Avec le soutien de l’ONG Carbon Market Watch, NewClimate Institute a publié une étude début 2022 qui souligne le décalage entre la réalité et l’optimisme des entreprises. On y apprend que 25 des plus grandes entreprises internationales ne réduiront que de 40 % leurs émissions carbone par rapport à 2019, bien loin des objectifs de neutralité carbone. « Nous avons cherché à découvrir autant de bonnes pratiques reproductibles que possible, mais nous avons été franchement surpris et déçus de l’intégrité globale des affirmations des entreprises. Alors que la pression sur les entreprises pour qu’elles agissent contre le changement climatique augmente, leurs affirmations ambitieuses manquent trop souvent de substance réelle, ce qui peut induire en erreur à la fois les consommateurs et les régulateurs qui sont essentiels pour guider leur orientation stratégique. Même les entreprises qui s’en sortent relativement bien exagèrent leurs actions. » explique Thomas Day du NewClimate Institute dans un article du site d’information Novethic.

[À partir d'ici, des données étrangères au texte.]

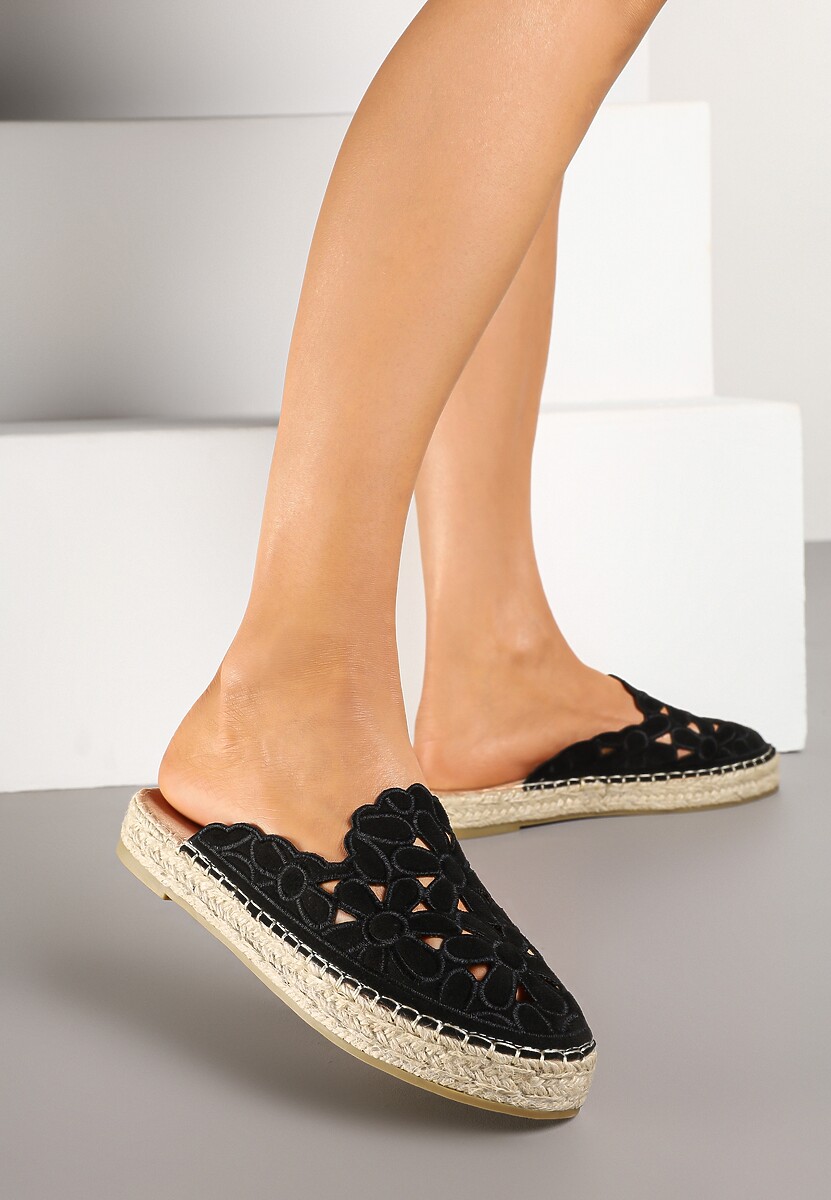 Czarne Klapki na Płaskiej Podeszwie z Ażurowym Wzorem Dolerissa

Certes, les outils de comptabilité carbone sont encore complexes à mettre en place. Mais le problème ne vient pas uniquement de la méthodologie. L’étude H&S et Insead nous apprend que presque la moitié des entreprises avouent que leur CA possède une trop faible connaissance des conséquences du réchauffement climatique sur leurs résultats financiers et que 85 % des administrateurs affirment qu’ils auraient besoin d’approfondir leurs compétences sur le sujet de l’urgence climatique. Le « baromètre grandes entreprises » publié par Eurogroup Consulting en janvier 2019 montre même que seuls 24% des dirigeants des grandes entreprises françaises jugent préoccupant le risque du réchauffement climatique alors que 33% d’entre eux l’estiment faible.
« Le manque de compétences au sein des Conseils est l’un des facteurs explicatifs des écarts béants entre les horizons très lointains assignés aux objectifs environnementaux (par exemple, la neutralité carbone en 2050) et le court terme des mesures à prendre dès maintenant, qui ne sont clairement pas au rendez-vous » conclue Martin Richer.